Pour Pierre-Alain De Smedt (FEB), "le gouvernement fait bien son job"

La grève des bagagistes de Swissport qui se termine à Zaventem allait-elle trop loin, avec Melchior Wathelet qui a menacé de réquisitionner une partie du matériel et d’interdire le tarmac aux grévistes ? Est-ce le rôle de l’État de briser une grève, a demandé Bertrand Henne à son invité. Pour Pierre-Alain De Smedt, "il était essentiel d’éviter que le chaos s’installe et que la grève porte préjudice à l’image du pays. Il fallait aussi que les négociations démarrent rapidement, ce qui s’est fait. Dès mercredi soir on était quasiment à un accord."

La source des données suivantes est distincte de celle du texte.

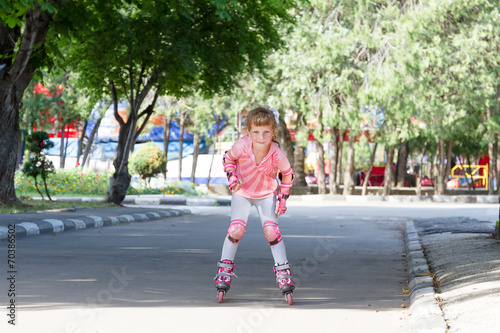 happy child girl roller skating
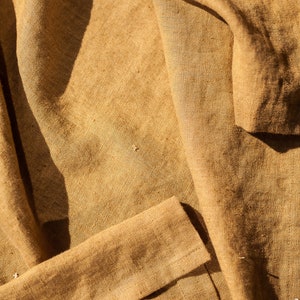 May include: A close-up of a brown fabric with a textured surface. The fabric is folded and has a natural, rustic look.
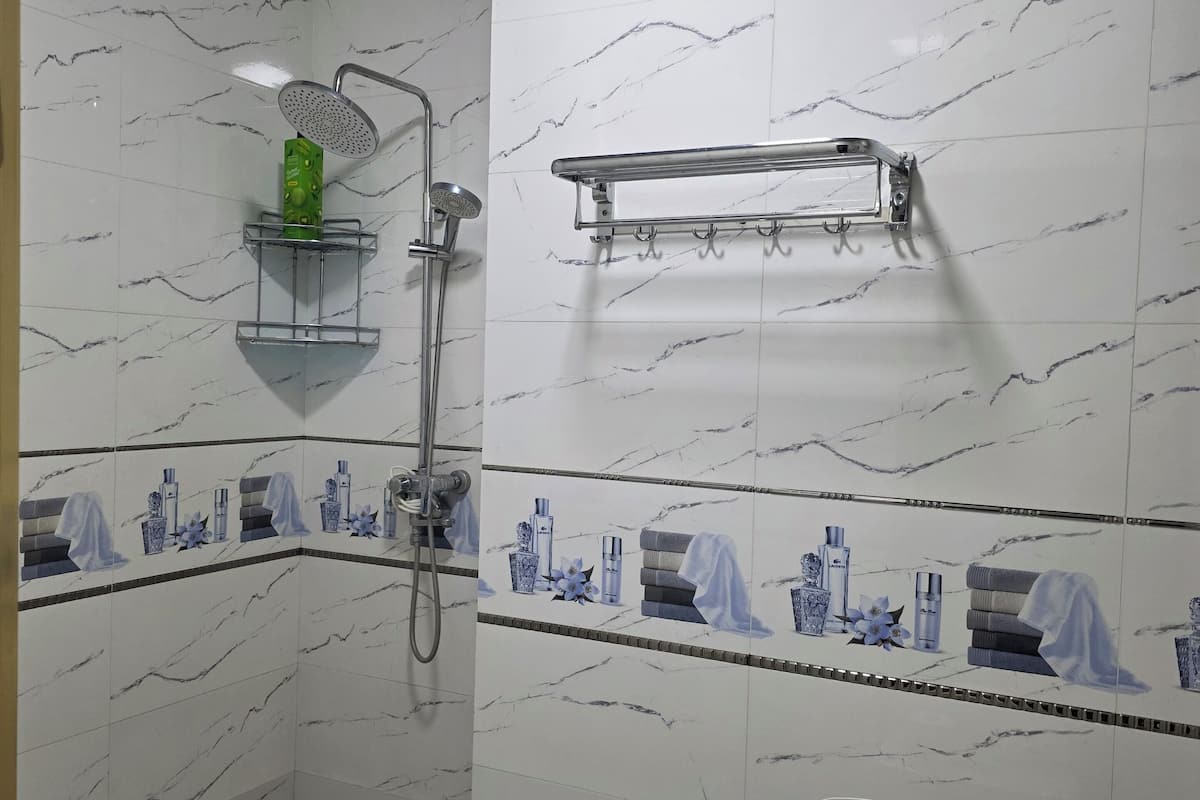 Un baño con ducha, inodoro y perchero para toallas.
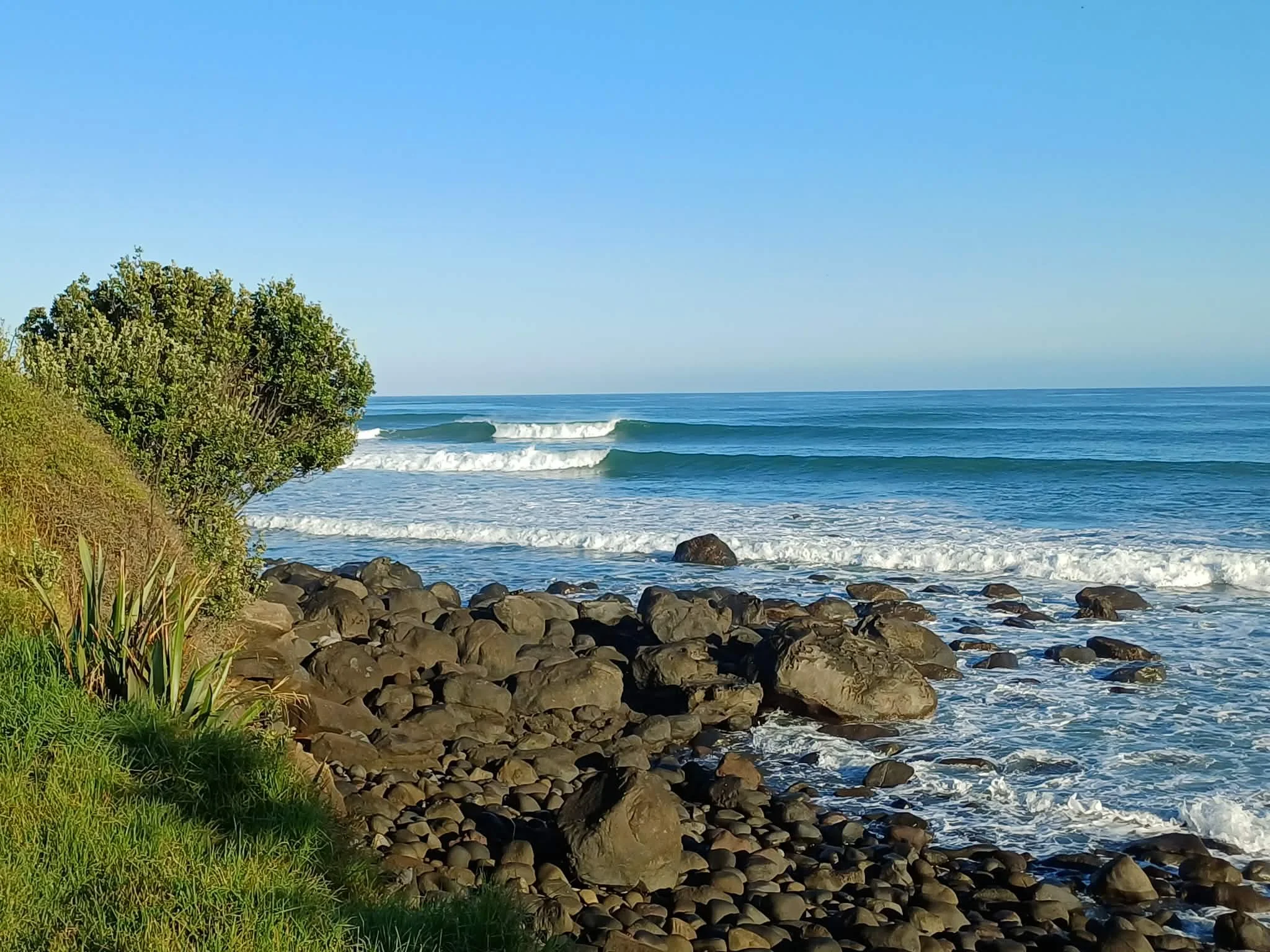 A seaside scene, with cloudless blue sky. The beach is rocky, with a grassy hill on the left side. The sea is very blue and has two distinct breaking waves, with a third frothy line at the edge of the rocks.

La question d’un service minimum se repose. Pierre-Alain De Smedt s’est déclaré en faveur de cette mesure, car selon lui, si "on peut comprendre des actions ponctuelles, d’une durée limitée, il faut éviter que les usagers se retrouvent dans une détresse totale. Quand le chaos s’installe il faut des moyens pour qu’un préjudice soit subi par les usagers, c’est pourquoi nous recommandons qu’une discussion sereine se mette en place sur un service minimum." Or ce qui s’est passé hier avec l’intervention de gouvernement montre qu’il y a déjà des moyens qui existent pour éviter que cela aille trop loin dans certains cas. Est-ce qu’il faut vraiment légiférer ?, se demande Bertrand Henne. Le président de la FEB se contentera ici de répéter son souci d’éviter les dérives.

Nouvelles mesures d'encadrement des salaires en vue

Le débat a porté ensuite sur un texte préparé par le gouvernement et encadrant les hausses de salaire, avec à la clé des réductions de charges patronales si la discipline salariale est respecté et des amendes si les salaires augmentent trop vite. Sur ce point, l’invité estime : "Le gouvernement est en ligne avec ce qui a été convenu avec nous et les partenaires sociaux. La Belgique connaît un handicap de compétitivité et il faut prendre des mesures qui permettent un rattrapage d’ici 2018 avec les pays voisins, nos principaux partenaires commerciaux. On voudrait aller plus vite mais ce ne sera pas possible. Le gouvernement a organisé un blocage des salaires hors index, auquel il n’a pas touché, et on voit qu’il pense à présent à des mesures supplémentaires, du type bonus-malus. Mais les situations peuvent être différentes. Il faudra être vigilant car il ne faudrait pas qu’une entreprise qui a fait des concessions salariales sous la menace d’une grève soit frappée en plus d’une amende… "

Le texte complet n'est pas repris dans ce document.